How are things going here in general? Well, I think.
After so many times picking up, moving and resettling, we've become masters. I no longer feel the intense shock I felt when we first visited another country. I don't even feel the complete denial I had when we first left NY.
I do find myself constantly comparing parts of Buenos Aires to places and things I know, especially in NY. But then, Buenos Aires is very much like any other big city I've seen. Only they speak Spanish. Navigating the place is mostly the same. Although, I will admit, I find the bus system to be particularly daunting, the trains and walking is a pleasure. Easy to find your way around, and if you become completely lost or too exhausted to walk any further, there's always a cab nearby to whisk you home.
With the exchange rate between peso and dollar, cabs are remarkably cheap. Still, I prefer not to cab. You don't see the city by cab.
In our week and a half here, we've seen quite a bit. The feria in San Telmo. It's amazing. Perhaps one of my favorite things about this city. It begins as an antique market in Plaza Dorrego and spills out for blocks and blocks, filling the streets with people, performers, and people selling everything from jewelry to mirrors and toys.
I love how Buenos Aires supports artists like this. . More artists line the streets of Palermo on weekends as well. Painters, sculptors, jewelry makers, pottery, clothing and more than I can even remember. And there's an artesan craft fair every weekend on Avenida del Liberatador across from the Museo de Bellas Artes.
Suddenly, it makes perfect sense why so many of the people you meet selling things in Bocas are from Argentina.
This area around Bellas Artes has become our "go to" place when we want to have a mellow day. In Panama City, that was the Multiplaza Mall. In Bocas, the beach. Here, it's an area filled with children's parks, museums, and open air parks where you can walk, run, bike and play in the enormous trees. It's quite something. Yesterday, we visited Bellas Artes for the second time and happened to visit at the exact time of a choral concert in the lobby.

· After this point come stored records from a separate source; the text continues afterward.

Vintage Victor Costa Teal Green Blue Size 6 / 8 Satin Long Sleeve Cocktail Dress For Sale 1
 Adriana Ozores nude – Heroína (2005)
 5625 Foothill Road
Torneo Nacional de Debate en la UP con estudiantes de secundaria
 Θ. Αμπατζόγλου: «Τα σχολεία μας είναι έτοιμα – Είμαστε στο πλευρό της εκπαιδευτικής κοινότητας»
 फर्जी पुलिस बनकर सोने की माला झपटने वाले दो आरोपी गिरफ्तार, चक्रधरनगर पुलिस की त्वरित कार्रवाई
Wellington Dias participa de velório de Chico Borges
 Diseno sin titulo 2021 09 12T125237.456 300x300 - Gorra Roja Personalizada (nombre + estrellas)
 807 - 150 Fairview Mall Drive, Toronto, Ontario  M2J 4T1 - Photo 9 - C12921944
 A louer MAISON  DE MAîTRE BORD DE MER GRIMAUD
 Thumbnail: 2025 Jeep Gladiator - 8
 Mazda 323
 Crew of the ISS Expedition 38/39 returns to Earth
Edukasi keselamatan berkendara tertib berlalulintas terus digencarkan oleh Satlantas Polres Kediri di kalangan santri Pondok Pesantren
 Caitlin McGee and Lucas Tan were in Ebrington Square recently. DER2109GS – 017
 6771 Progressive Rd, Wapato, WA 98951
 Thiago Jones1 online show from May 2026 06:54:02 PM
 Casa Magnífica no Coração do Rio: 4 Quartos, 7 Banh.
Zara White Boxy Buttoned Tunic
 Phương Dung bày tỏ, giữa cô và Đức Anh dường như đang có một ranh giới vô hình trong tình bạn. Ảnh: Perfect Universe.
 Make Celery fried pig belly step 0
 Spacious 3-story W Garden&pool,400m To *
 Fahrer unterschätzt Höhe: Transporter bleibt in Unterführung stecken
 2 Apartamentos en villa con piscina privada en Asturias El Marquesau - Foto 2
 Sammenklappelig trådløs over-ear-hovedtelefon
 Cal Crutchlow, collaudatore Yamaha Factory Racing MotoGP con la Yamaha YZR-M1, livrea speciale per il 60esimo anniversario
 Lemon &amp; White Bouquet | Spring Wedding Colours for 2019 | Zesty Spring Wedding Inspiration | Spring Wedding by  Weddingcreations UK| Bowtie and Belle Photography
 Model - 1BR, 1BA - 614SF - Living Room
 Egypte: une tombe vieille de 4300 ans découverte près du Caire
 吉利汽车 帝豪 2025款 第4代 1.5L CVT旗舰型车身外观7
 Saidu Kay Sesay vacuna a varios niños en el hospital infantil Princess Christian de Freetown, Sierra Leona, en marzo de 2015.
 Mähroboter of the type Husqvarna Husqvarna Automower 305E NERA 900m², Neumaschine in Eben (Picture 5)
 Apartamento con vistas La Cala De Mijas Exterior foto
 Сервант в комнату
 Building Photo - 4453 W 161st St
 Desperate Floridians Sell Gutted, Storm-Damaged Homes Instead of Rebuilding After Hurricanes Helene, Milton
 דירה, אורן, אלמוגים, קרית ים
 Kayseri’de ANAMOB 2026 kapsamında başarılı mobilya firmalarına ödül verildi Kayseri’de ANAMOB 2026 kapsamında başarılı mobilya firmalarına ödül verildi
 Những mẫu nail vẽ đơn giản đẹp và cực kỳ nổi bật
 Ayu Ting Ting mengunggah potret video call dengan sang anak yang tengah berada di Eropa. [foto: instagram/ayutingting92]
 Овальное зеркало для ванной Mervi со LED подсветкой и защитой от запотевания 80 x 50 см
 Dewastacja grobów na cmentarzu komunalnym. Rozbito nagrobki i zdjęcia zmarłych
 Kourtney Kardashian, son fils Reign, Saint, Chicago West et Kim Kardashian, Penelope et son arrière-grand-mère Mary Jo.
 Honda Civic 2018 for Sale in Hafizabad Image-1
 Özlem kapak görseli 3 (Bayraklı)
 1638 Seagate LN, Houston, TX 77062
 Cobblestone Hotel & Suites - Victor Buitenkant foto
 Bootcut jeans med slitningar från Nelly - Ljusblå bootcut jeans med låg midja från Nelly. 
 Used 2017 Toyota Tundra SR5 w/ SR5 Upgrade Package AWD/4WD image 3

Couchsurfing here has been interesting. I've been in touch with a lot of people, but the distance between words and doing have a very different pace here. Things are postponed. Events change time and place. But the people are really lovely, open and warm.
They also tend to be a good ten years younger than we are and don't have children. At least, that is the demographic for the daily Couchsurfing event. Picnics in the park. Late night Chanukah parties. Tango in the square. All things I feel we are more than welcome to join, but not exactly the sort of thing Lila would enjoy, at least not on a regular basis.
Then again, it's only been one week.